Nuclear Weapons and the Survival of the Homo Sapiens
Translated from Spanish
During the ceremony commemorating the 50th Anniversary of the Committees for the Defense of the Revolution I expressed my opinion that “The Cuban Revolution, on our small and ignored island, was newly born, but coming into this world just 90 miles from the powerful empire, caused it to test the arrogance of the dominant superpower in our hemisphere and in a large part of the world.” I promised to speak about the statements I had made to the United Nations two days previously. I warned that our struggle would be “long and hard.” For the time being, I must postpone this task. Another subject at the moment is more important.
Our people, as many around the world know, are characterized by their high level of knowledge, which they have achieved during the past five decades, after the country emerged from its semi-colonized and mono-crop producing state and its considerable levels of illiterate and semi-illiterate people with low general education levels and scientific knowledge. The Cuban people had to be fully informed about what nuclear energy could mean for the fate of the human species.

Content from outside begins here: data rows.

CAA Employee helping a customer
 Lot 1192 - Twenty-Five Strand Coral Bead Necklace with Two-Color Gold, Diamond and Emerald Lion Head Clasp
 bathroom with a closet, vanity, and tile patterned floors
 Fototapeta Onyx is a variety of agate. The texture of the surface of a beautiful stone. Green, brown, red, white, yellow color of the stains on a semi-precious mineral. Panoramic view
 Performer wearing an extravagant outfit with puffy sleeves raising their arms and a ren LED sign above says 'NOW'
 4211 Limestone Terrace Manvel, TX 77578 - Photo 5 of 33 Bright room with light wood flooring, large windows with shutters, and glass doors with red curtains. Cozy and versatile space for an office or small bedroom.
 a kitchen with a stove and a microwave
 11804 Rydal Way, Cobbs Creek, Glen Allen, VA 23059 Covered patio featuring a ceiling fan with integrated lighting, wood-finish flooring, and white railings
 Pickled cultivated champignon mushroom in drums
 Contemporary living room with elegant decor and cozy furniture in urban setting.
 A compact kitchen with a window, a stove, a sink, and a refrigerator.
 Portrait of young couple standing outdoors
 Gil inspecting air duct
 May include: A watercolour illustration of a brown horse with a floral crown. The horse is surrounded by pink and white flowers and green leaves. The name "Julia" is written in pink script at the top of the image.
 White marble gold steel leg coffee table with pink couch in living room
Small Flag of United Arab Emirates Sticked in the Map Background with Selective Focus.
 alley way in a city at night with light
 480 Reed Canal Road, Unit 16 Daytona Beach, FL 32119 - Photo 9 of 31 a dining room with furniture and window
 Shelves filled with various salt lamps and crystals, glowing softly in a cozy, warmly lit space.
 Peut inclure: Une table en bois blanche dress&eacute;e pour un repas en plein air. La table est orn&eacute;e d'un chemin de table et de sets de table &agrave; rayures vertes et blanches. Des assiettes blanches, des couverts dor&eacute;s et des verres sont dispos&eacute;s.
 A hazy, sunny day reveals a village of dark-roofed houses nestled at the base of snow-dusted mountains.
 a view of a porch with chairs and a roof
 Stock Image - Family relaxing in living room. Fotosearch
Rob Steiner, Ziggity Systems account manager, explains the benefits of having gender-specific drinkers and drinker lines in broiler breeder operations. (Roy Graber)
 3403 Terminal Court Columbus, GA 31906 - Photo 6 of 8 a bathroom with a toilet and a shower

“I think —I said verbatim on September 28— that it might be a good idea to make known some of these ideas about what a nuclear weapon is. I have seen images about what critical mass is, and what its use as a weapon represents: that is to employ the energy that drives the universe for war.” At “3,000 degrees Celsius, practically all metals and materials…” melt. “What would happen then at 10,000 degrees? […] Well, an atomic explosion produced by critical mass could reach millions of degrees.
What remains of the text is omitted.